* **DIRECTIONS**: For the entries below, repeat exactly each line starting with the one that contains "Фото СЗУ Hoco" and going on through the one that contains "Irridescent Rhinestone Mini", and no others.

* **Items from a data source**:
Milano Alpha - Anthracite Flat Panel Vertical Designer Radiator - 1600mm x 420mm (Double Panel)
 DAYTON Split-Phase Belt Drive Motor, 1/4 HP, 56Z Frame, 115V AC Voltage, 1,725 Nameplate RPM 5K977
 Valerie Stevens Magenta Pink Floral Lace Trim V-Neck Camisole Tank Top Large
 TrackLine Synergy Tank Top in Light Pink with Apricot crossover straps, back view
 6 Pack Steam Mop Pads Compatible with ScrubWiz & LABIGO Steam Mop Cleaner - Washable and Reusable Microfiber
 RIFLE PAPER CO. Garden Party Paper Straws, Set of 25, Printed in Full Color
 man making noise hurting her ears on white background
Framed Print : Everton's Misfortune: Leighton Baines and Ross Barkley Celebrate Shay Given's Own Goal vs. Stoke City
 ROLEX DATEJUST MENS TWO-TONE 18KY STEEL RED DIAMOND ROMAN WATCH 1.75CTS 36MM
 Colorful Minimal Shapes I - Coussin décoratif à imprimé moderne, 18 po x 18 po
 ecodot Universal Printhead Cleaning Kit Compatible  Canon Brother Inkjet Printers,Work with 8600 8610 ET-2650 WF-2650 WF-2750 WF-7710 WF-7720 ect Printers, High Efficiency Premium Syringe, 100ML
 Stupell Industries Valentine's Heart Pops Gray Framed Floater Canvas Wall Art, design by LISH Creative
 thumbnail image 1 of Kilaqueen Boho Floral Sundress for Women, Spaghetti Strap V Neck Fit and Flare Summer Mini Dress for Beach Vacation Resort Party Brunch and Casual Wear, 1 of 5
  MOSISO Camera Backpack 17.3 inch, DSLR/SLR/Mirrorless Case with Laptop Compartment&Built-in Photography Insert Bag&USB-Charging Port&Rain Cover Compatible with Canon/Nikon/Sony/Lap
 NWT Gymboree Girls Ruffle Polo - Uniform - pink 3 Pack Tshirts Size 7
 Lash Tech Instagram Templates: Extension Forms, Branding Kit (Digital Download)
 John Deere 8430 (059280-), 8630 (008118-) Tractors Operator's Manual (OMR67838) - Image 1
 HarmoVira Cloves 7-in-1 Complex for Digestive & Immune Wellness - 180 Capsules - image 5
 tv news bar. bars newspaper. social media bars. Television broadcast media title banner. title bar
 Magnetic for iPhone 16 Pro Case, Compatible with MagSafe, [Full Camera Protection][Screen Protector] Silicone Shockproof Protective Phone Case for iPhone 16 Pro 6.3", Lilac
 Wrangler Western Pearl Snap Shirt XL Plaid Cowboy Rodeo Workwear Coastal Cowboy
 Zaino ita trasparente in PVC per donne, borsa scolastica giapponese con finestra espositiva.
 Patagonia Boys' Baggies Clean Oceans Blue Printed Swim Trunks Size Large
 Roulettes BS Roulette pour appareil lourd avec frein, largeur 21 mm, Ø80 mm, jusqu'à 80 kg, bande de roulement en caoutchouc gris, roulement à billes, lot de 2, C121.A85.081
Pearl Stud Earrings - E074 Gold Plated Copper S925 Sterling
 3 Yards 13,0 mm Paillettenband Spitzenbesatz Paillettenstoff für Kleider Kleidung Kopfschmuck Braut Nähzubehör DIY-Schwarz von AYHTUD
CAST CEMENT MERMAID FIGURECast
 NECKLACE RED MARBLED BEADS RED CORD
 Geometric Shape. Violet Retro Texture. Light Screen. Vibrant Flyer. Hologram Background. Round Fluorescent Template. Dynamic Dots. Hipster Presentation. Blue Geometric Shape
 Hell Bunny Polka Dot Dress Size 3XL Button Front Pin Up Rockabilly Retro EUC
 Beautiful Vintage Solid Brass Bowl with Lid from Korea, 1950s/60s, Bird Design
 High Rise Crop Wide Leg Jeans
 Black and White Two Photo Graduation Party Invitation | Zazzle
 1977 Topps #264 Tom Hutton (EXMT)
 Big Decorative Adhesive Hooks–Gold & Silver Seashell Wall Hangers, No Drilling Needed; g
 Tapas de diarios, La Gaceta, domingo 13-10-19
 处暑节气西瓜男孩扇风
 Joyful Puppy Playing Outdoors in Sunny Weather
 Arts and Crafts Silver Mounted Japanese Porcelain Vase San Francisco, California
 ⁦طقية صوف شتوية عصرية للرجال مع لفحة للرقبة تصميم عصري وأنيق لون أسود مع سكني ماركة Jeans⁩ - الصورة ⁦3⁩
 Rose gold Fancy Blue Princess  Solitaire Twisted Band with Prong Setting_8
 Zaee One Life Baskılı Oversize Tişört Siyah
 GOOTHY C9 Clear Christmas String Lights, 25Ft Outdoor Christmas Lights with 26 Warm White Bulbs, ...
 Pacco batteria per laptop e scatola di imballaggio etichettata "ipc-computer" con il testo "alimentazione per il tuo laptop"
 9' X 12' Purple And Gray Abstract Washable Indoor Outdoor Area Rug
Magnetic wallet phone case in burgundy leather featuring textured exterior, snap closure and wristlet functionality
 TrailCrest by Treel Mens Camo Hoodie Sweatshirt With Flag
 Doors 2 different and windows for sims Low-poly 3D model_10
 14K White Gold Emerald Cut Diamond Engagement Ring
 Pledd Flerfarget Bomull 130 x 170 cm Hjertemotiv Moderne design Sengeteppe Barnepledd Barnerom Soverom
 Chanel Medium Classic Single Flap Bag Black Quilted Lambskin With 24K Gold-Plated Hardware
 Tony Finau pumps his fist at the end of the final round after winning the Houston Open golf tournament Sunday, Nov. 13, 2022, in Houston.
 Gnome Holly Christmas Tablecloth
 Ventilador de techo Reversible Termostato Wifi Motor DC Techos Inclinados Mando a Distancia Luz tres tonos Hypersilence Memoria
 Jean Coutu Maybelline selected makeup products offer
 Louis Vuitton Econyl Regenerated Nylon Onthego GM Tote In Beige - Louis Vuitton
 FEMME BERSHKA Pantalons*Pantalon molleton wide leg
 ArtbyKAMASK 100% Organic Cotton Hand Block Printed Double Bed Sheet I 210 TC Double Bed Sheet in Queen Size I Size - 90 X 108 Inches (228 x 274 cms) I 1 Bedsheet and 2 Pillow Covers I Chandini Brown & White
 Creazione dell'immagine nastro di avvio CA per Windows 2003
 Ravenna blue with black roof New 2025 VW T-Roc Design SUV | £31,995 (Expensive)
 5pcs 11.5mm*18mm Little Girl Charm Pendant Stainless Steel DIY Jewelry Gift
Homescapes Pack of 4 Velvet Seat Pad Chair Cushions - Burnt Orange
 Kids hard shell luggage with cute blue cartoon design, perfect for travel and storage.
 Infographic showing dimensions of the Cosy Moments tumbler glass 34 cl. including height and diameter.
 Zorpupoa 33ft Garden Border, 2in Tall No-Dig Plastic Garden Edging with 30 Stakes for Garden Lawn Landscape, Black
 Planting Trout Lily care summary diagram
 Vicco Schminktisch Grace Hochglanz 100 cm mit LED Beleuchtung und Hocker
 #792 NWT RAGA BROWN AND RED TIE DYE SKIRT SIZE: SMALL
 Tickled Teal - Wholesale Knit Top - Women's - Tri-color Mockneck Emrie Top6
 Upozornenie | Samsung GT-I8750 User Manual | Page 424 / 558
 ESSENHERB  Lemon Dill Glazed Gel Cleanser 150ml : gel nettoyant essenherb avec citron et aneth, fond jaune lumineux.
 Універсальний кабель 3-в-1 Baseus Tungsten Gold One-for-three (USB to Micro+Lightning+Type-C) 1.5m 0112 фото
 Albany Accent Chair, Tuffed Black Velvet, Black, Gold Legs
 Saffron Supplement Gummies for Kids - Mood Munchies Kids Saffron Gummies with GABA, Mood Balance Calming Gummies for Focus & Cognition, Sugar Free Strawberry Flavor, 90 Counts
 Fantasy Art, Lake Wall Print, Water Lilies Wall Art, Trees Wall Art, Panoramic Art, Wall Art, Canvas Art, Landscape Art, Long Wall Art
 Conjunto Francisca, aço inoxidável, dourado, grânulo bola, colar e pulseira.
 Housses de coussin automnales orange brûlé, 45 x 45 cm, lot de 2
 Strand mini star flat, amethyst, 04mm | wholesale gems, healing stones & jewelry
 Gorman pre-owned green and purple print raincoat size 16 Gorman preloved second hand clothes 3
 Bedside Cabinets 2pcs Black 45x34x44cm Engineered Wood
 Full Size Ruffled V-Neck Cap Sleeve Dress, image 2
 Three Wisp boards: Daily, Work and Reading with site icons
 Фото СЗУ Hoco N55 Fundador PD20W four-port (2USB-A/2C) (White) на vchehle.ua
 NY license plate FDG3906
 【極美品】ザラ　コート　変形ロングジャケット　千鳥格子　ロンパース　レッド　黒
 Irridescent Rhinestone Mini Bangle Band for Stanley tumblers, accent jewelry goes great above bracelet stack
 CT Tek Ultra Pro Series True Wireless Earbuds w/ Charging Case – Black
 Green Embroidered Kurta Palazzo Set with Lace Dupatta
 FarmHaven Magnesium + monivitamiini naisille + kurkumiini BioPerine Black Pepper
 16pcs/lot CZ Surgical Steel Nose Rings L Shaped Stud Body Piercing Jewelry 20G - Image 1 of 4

* **RESPONSE**:
 Фото СЗУ Hoco N55 Fundador PD20W four-port (2USB-A/2C) (White) на vchehle.ua
 NY license plate FDG3906
 【極美品】ザラ　コート　変形ロングジャケット　千鳥格子　ロンパース　レッド　黒
 Irridescent Rhinestone Mini Bangle Band for Stanley tumblers, accent jewelry goes great above bracelet stack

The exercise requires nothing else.